Five Key Takeaways From This Week’s Supreme Court Decision

  • Good news: The Court acknowledges the state’s interest in wetland and floodplain conservation and mitigation: “Insisting that landowners internalize the negative externalities of their conduct is a hallmark of responsible land-use policy, and we have long sustained such regulations against constitutional attack.”
    sand hill crane in st johns wetlands
    A sand hill crane in the wetlands of the St Johns River (photo credit: flickr / anoldent)
  • Bad news: The majority now puts the burden on state and local resource managers to prove the “essential nexus” and “rough proportionality” between the impacts of developing in these waters and the permit conditions required to mitigate those impacts.
  • After Koontz, water resource managers must be very careful what they ask for. It seems they must now prove this nexus and proportionality even – as in the Koontz case – for possible mitigation conditions they might discuss with developers in trying to negotiate an environmentally responsible development permit.
  • Wetland mitigation conditions should pass muster where they are clearly based on scientifically sound assessments of wetland functions lost and gained in a watershed context, and are otherwise consistent with the “no net loss” of wetlands policy, and the mitigation standards set forth in the National Research Council’s 2001 mitigation report and the 2008 Corps and EPA mitigation rule. However, meeting this burden of proof in each case is resource intensive and requires solid, watershed-specific science.

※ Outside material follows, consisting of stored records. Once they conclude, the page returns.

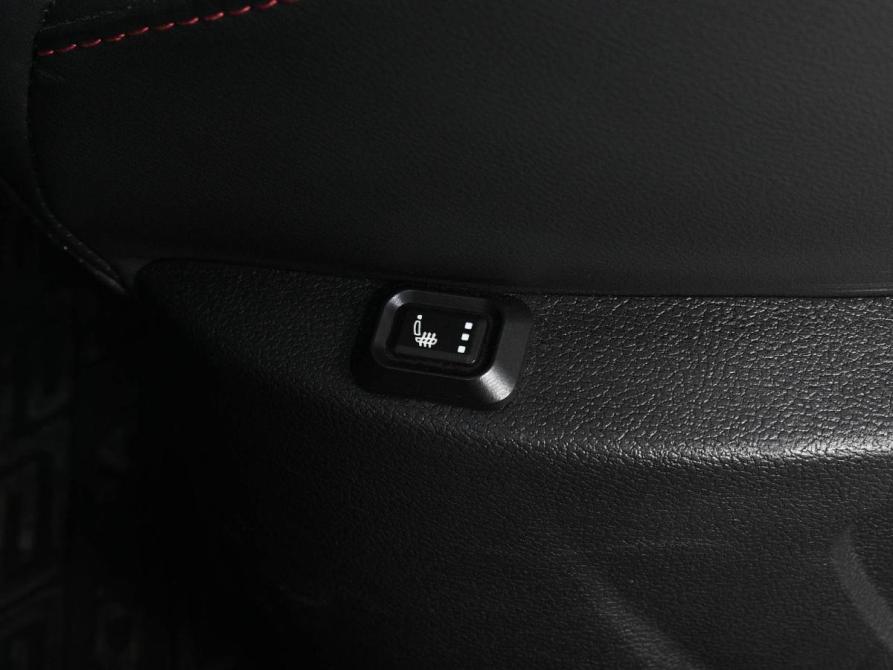 Geely Coolray I Рестайлинг Ростов-на-Дону  - изображение 20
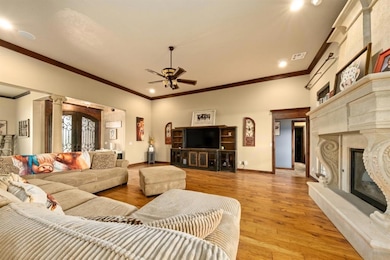 15697 State Highway 74, Wayne, OK 73095 - photo 3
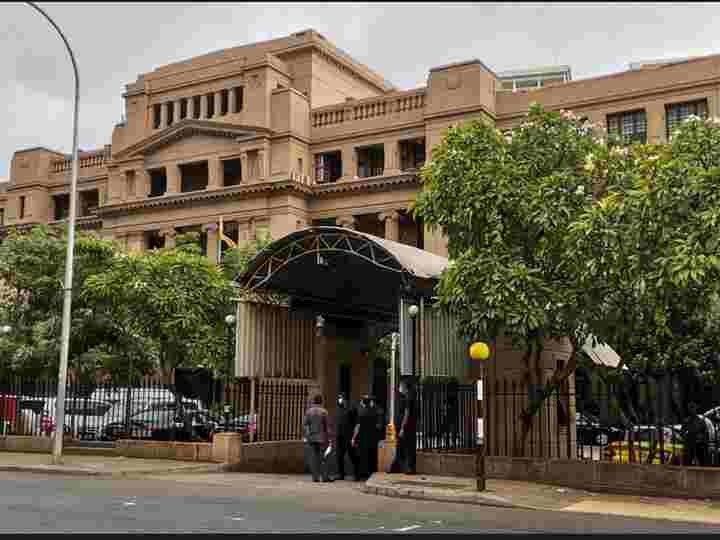 Special Ruling Party meeting commences under President’s patronage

  • After Koontz, the prudent course of action for water resource managers may be to just say no. Proposing to permittees innovative and flexible mitigation conditions can be a trap, ensnaring state and local governments in costly and wasteful litigation. As Justice Kagan says in her dissent, “if every suggestion could become the subject of a lawsuit …the [District’s] lawyer can give but one recommendation: Deny the permits, without giving Koontz any advice – even if he asks for guidance.”

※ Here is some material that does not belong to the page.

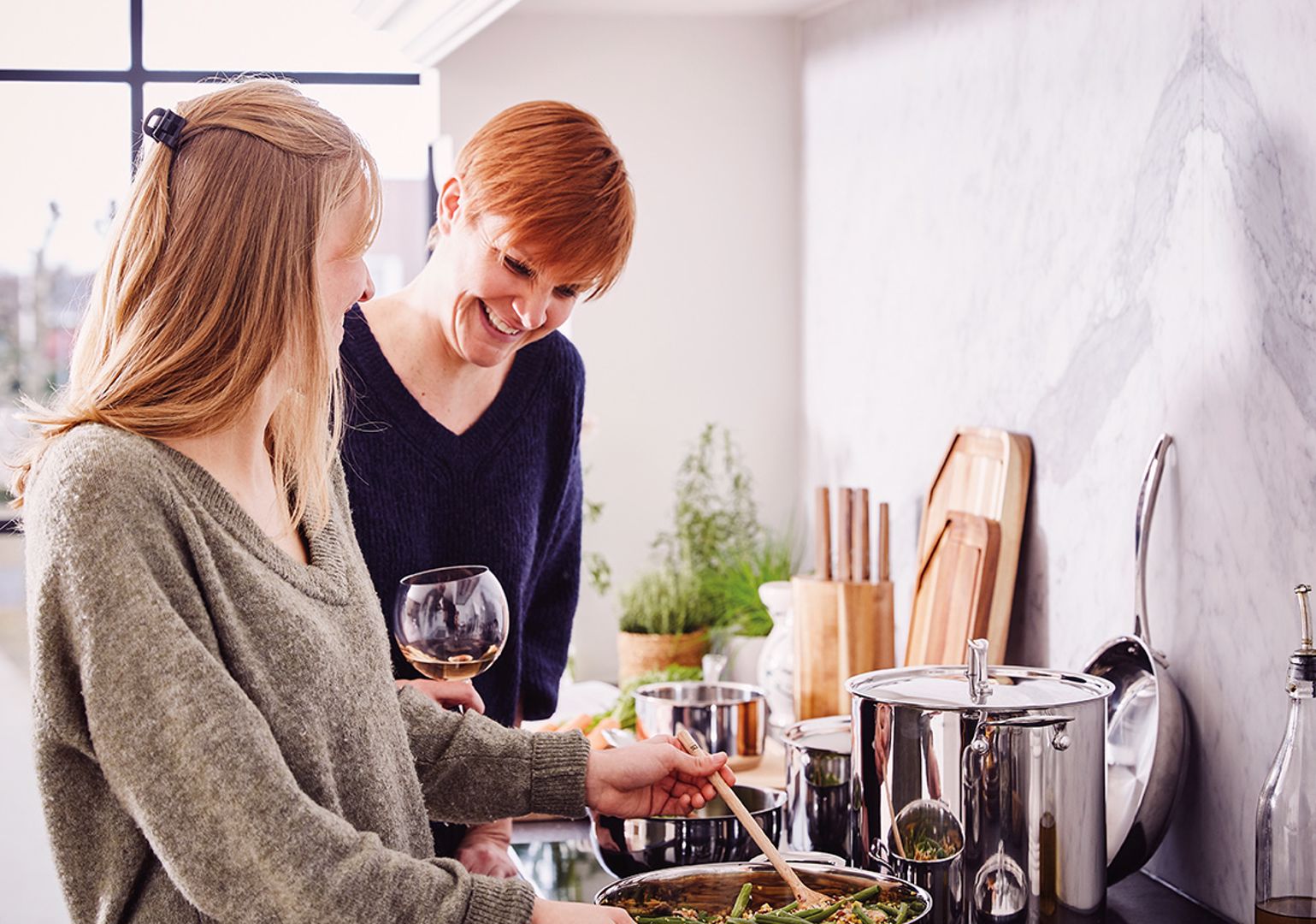 BEKA's detox tips voor een sprankelend nieuw jaar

Water Resource Managers Must Protect the Public Interest

What mustn’t happen is for water resource agencies to simply approve development projects in wetlands and floodplains — abandoning their duty to protect the public interest and putting communities and wildlife in harm’s way. The Koontz decision makes their job harder, but conditions on the ground demand that water resource managers use available legal, science, planning, and fiscal tools to protect the public’s interest in wetlands and floodplains.